Generic MP Querying Overview

This notebook demonstrates how to use the energy_gnome library to query the Materials Project (MP) database via its API.

You will learn how to:

  1. Initialize and configure a generic materials database.
  2. Retrieve entries using the MPRester from mp_api.
  3. Manage and update local raw datasets.
  4. Optionally save structure files (CIF) for future use.

> This workflow is also compatible with specialized subclasses such as PerovskiteDatabase and CathodeDatabase. Refer to the respective notebooks for targeted use cases.

Python
from energy_gnome.dataset import MPDatabase
from pathlib import Path

# Change data_dir to reflect your project's folder structure.
# Here, we assume that there are a `notebook` and a `data` subfolder
# in the main project folder.
main_dir = Path(".").resolve().parent
data_dir = main_dir / "data"

Dataset creation

Database Initialization

We begin by initializing a generic MP-based database using the MPDatabase class.

  • name: Defines a unique name for this database instance. Use distinct names for different projects or dataset versions to avoid accidental overwriting.
  • data_dir: Sets the root directory where all files will be stored (e.g., raw and processed datasets, CIFs).
  • allow_raw_update(): Enables updates to the raw data stage, allowing newly retrieved entries to be stored.

> For initializing other MP-based database types, such as PerovskiteDatabase or CathodeDatabase, consult the respective example notebooks.

Python
mp_db = MPDatabase(name="mp", data_dir=data_dir)
mp_db.allow_raw_update()

print(mp_db)

Data Retrieval

This step fetches material entries from the Materials Project via its API.

To proceed, you must have an MP API key.
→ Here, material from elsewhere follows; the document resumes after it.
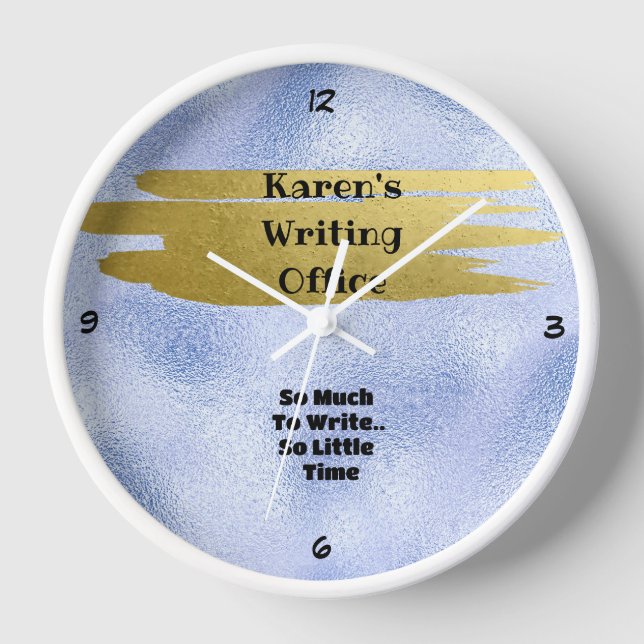 Horloge "Tant De Choses À Écrire (Recto)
Follow these steps:

  1. Register on the Materials Project.
  2. Copy your API key from here.
  3. Save it to a config.yaml file in your working directory using this format:
YAML
MP: "<your-api-key>"
Python
db, materials = mp_db.retrieve_materials(max_framework_size=6, mute_progress_bars=False)

Updating the Raw Database

Once the data is retrieved, we compare it with the existing raw dataset (if any) and update accordingly.

This ensures:

  • New materials are added.
  • Existing entries are not duplicated.
  • Data integrity is maintained across multiple runs.
Python
mp_db.compare_and_update(new_db=db, stage="raw")

Saving CIF Files

You may optionally save structure files (CIF format) for the retrieved materials.

IMPORTANT: To save time and disk space, it’s often more efficient to skip saving CIFs at the raw stage — especially if you plan to downsample or filter the dataset later.

Instead, consider saving CIFs only after:

  • The dataset has been processed or cleaned.
  • You've finalized the materials you plan to use in model training or screening.

This can significantly reduce IO overhead and file clutter, particularly for large-scale MP queries.

Python
mp_db.save_cif_files(stage="raw", mute_progress_bars=False)
mp_db.save_database("raw")